I once met a physicists who held the strong AI position. I was 16, hadn't encountered this position before, and it appeared utterly absurd to me. Even so I'm no longer convinced that this position is utterly absurd, I still don't understand why everybody tries to disprove John Searle. My feeling is that the setup of John Searle's thought experiment can be usefully translated into the context of modern computers:
A modern computer offers a certain amount of memory, more precisely a hierarchy of memory with increasing size but decreasing access speed. It also offers a certain processing power, more precisely a cluster of parallel processing units with increasing number but decreasing interconnection speed. This basic architecture is normally agnostic of the programs and input data that will be used to generate useful results with the resources provided by this computer.
In Searle's Chinese room thought experiment, John is assumed to take the role of this computer, and provide the memory and processing power for the computation. Actually, he is only assumed to provide the fastest memory, while the really huge but slow memory is external to John in the form of paper and pencil and the "magic" book. But even if John would take the role of the "entire" tape of a Turing machine, why should we expect him (or the tape) to understand the problem instance the Turing machine is currently working on? Well, one reason is that for a universal Turing machine, the program itself was also written on the tape, so the tape had access to all the relevant information over time (except the meaning and interpretation of its final output, but I doubt that this is important here).

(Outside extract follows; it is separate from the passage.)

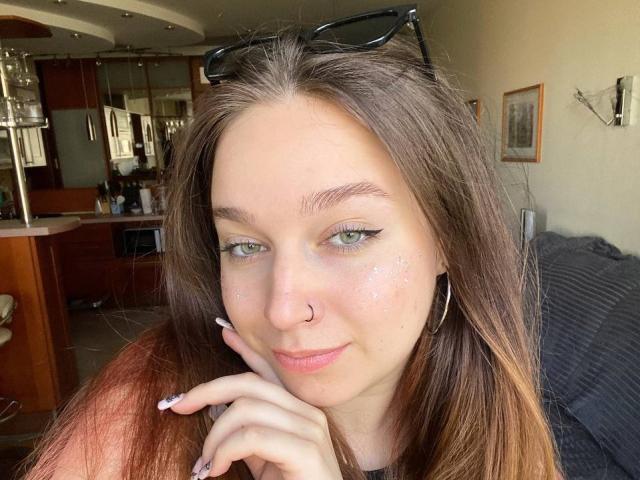 ReynaGueningsman has long brown hair, green eyes, a nose ring, and is wearing hoop earrings. She's touching her chin with a slight smile. Sunglasses rest on her head.
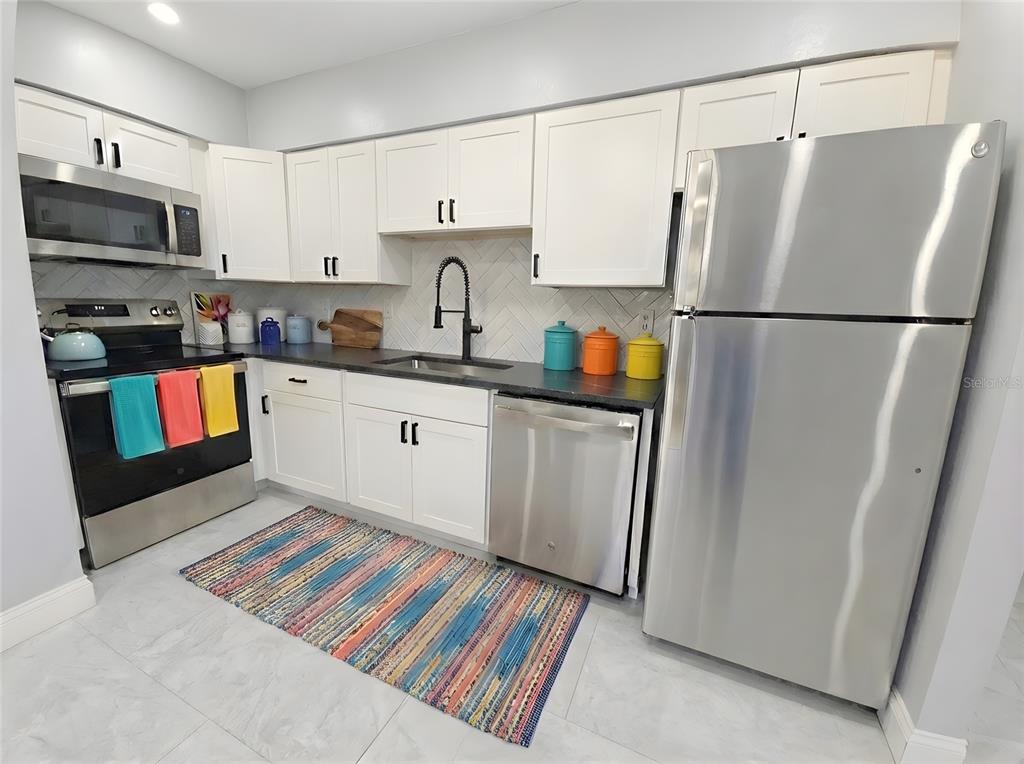 A kitchen features white cabinets, stainless steel appliances, a dark countertop, and a colorful rug — 2941 SHORE DRIVE UNIT A, SAFETY HARBOR, FL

My question is, Where does this instruction book come from? We're all aware that humans write the code that drives a computer, or writes code that writes more code to drive a computer (ie a compiler) etc.
In the above translation into the context of modern computers, the instruction book is part of the input. This might be an important point, because superficially it looks like the only input comes from Mai, who submits the questions in Chinese.
So where does the input come from? My guess is that the input comes from the current and past environment. However, we can't really look far enough into the past to learn where the "initial seed" came from. And in addition, we have the theory of evolution, which suggests that the "initial seed" might have been less important than it seems. Which brings me to another position that appeared utterly absurd to me when I first encountered it. Somebody suggested to me that this world might have been created by aliens. I found this ridiculous, because it begs the questions who created the aliens in the first place. However, after I watched a clip where Richard Dawkins seriously considered that possibility, I have to admit that it might indeed be a consistent position.
Even if it is not directly related to the question, what is my own guess how understanding and meaning can arise during complicated computations? It might be related to the structure of space and time, where communication of information between different points is necessary during a computation (because the amount of information stored near any given point is finite) and takes a certain finite amount of time. The consequence is that compressed messages with more or less clear meaning in the context of the computation are exchanged and understood (and sometimes remembered for later reference) during the course of a computation. (And because the computation which our universe with its space and time structure seems to execute is unlikely to end anytime soon, there is no need to worry about the meaning and interpretation of its final output.)